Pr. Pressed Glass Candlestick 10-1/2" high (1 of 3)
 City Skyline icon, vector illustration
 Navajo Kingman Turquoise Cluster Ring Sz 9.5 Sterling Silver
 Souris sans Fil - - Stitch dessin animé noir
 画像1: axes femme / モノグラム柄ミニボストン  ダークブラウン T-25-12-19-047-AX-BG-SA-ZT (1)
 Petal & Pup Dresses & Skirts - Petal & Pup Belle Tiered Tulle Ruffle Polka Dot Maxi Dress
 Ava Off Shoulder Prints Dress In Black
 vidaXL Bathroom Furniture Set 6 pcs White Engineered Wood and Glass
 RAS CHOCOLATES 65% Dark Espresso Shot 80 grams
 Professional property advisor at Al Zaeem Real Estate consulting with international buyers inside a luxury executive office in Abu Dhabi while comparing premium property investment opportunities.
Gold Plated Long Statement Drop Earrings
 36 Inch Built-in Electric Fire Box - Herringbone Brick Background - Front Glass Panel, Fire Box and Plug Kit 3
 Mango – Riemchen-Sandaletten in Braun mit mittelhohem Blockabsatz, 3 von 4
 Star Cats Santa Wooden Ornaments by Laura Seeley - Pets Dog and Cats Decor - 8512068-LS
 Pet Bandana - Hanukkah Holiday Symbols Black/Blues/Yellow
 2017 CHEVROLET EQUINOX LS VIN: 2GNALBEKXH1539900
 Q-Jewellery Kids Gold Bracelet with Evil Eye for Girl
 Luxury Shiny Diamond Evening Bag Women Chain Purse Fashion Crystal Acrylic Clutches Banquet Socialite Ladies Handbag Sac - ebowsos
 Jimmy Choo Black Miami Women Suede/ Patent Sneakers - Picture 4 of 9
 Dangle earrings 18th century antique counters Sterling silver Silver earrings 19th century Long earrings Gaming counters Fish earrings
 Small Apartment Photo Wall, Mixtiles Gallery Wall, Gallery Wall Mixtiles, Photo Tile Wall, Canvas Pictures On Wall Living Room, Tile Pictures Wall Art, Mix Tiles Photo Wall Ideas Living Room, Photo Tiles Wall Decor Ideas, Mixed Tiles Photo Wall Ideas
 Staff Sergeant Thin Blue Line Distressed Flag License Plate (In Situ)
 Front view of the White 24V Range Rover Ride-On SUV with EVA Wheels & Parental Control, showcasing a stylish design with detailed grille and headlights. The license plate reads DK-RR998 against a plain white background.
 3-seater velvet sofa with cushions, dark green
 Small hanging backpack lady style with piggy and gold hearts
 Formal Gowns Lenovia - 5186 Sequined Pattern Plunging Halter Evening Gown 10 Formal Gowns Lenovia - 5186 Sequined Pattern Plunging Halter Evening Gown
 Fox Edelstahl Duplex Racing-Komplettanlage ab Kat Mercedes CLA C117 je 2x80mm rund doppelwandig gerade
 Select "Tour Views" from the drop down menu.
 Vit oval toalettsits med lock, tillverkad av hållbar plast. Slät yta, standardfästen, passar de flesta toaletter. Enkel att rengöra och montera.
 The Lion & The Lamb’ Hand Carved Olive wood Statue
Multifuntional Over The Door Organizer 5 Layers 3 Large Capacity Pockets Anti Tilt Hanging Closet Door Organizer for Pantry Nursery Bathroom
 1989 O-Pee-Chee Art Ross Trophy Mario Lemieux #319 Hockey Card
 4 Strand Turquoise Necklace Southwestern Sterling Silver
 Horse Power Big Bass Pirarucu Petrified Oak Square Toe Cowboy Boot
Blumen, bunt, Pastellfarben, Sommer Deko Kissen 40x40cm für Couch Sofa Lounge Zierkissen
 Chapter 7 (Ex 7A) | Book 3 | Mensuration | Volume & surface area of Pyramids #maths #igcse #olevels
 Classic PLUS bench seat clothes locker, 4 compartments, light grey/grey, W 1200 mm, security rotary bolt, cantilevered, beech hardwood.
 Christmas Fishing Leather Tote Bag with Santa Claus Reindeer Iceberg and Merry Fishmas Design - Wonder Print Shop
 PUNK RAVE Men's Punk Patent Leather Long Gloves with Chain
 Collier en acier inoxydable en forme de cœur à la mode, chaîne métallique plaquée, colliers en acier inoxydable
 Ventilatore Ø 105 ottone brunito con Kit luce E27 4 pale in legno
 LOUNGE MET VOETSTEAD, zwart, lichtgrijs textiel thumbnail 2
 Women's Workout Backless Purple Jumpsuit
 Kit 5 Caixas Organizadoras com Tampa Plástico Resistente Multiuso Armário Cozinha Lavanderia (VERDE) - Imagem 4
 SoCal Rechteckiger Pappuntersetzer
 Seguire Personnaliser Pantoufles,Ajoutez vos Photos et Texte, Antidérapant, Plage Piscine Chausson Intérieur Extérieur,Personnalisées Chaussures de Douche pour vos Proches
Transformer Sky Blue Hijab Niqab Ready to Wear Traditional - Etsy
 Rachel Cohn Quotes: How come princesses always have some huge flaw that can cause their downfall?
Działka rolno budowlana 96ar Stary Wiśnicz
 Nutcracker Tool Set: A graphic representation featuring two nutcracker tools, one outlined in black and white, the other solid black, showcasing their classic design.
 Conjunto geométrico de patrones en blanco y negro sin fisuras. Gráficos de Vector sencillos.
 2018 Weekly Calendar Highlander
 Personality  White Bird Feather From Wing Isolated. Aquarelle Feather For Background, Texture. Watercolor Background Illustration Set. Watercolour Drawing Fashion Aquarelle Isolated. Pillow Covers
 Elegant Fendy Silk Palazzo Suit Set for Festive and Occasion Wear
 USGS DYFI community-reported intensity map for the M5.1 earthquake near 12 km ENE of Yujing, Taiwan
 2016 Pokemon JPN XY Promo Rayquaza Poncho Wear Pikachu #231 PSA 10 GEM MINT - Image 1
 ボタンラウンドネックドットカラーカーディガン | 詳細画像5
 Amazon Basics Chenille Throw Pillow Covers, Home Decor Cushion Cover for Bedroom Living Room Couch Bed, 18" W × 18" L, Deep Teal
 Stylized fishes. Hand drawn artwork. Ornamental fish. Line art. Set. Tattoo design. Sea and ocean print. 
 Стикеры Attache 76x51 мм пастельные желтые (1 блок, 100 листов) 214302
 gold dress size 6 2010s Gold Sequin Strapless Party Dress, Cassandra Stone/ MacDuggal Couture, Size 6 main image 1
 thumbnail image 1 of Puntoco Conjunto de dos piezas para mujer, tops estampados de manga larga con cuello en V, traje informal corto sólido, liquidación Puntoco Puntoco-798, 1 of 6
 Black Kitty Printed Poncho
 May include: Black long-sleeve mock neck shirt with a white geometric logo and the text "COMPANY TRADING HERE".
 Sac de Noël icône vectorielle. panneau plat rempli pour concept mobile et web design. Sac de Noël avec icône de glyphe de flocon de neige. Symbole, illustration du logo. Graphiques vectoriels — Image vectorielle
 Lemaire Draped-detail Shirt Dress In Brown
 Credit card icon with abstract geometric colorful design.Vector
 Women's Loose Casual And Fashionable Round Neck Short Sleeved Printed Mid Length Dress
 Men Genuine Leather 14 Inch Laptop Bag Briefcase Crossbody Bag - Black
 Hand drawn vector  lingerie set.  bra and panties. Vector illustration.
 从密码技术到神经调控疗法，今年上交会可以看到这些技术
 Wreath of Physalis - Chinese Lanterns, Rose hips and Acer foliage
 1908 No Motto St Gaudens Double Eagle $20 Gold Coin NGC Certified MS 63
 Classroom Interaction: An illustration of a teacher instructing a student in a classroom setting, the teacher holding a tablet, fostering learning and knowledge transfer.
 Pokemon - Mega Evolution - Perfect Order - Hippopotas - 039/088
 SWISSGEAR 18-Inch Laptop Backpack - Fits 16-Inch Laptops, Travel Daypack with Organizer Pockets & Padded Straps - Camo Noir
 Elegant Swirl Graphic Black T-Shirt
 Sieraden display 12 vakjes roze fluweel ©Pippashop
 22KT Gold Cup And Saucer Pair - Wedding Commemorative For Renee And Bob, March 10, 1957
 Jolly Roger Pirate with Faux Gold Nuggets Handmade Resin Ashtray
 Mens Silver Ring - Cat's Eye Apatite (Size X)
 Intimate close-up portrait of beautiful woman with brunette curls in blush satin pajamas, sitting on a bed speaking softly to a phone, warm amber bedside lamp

---

### PROBLEM DESCRIPTION
Up to and including the line that contains "画像1: axes femme", restate each line of the material above word for word, beginning with its first line.

### SOLUTION FOR THIS TASK
Pr. Pressed Glass Candlestick 10-1/2" high (1 of 3)
 City Skyline icon, vector illustration
 Navajo Kingman Turquoise Cluster Ring Sz 9.5 Sterling Silver
 Souris sans Fil - - Stitch dessin animé noir
 画像1: axes femme / モノグラム柄ミニボストン  ダークブラウン T-25-12-19-047-AX-BG-SA-ZT (1)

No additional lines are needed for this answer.